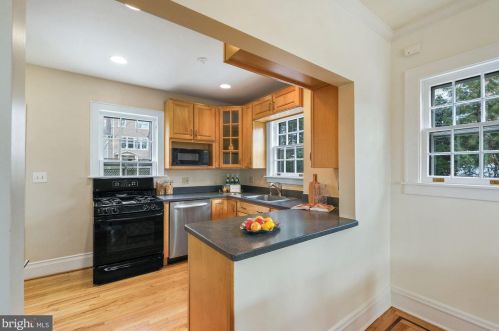 3373 Runnymede Pl, Washington DC 20015-2415 exterior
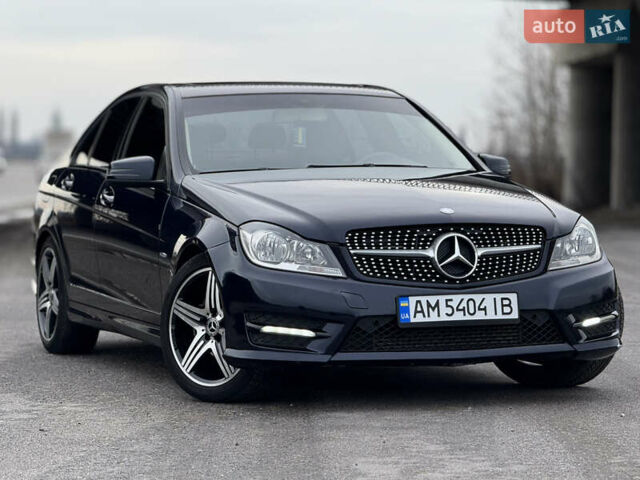 Синий Мерседес Ц-Класс, объемом двигателя 1.8 л и пробегом 220 тыс. км за 9950 $, фото 3 на Automoto.ua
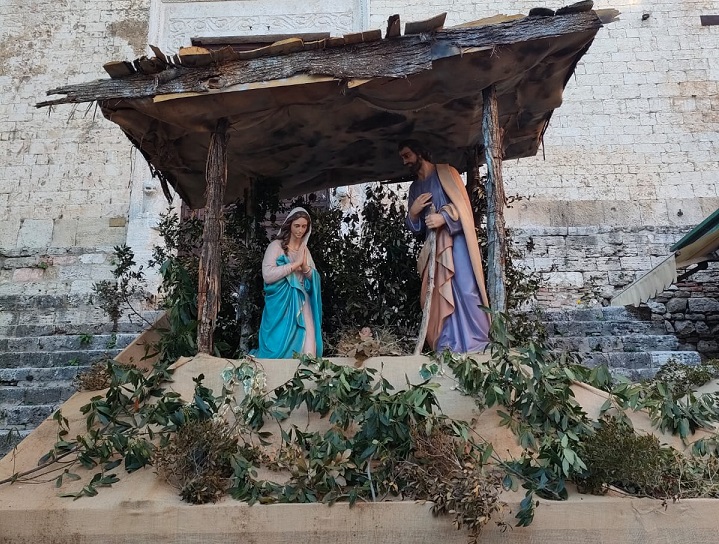 presepe sugli scaloni del Duomo di Narni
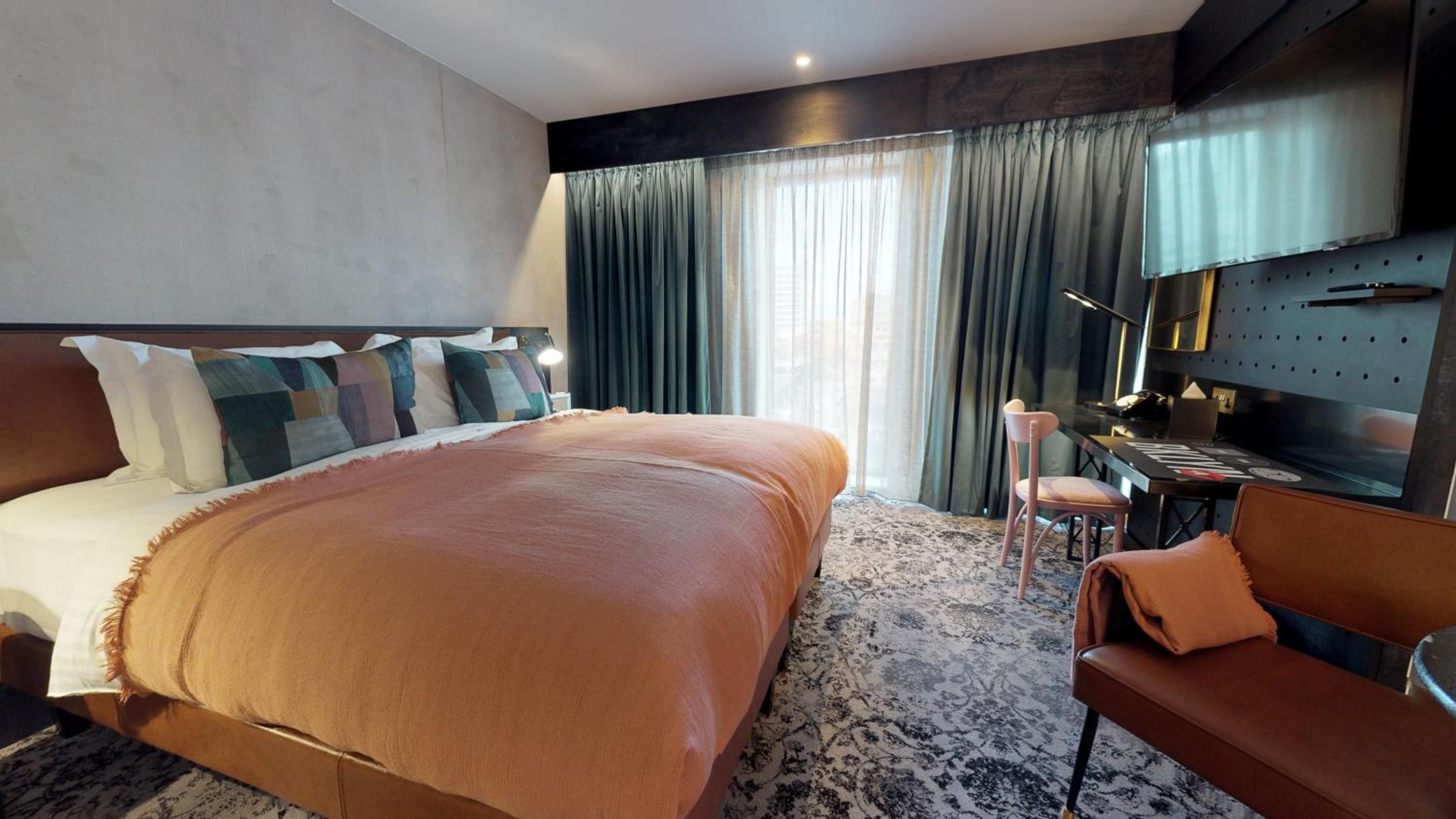 Premium King Room - Photo 2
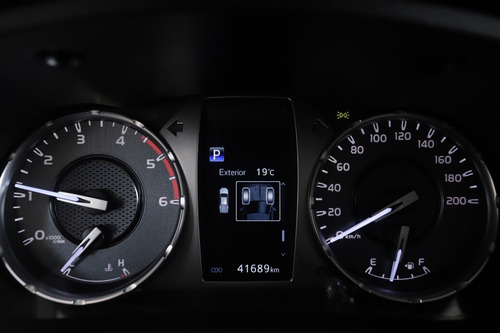 Imagen 13 de 22 de Toyota Hilux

Required action: Pictures are to be dropped, and the remaining data set down exactly.

The completed task:
 3373 Runnymede Pl, Washington DC 20015-2415 exterior
 Синий Мерседес Ц-Класс, объемом двигателя 1.8 л и пробегом 220 тыс. км за 9950 $, фото 3 на Automoto.ua
 presepe sugli scaloni del Duomo di Narni
 Premium King Room - Photo 2
 Imagen 13 de 22 de Toyota Hilux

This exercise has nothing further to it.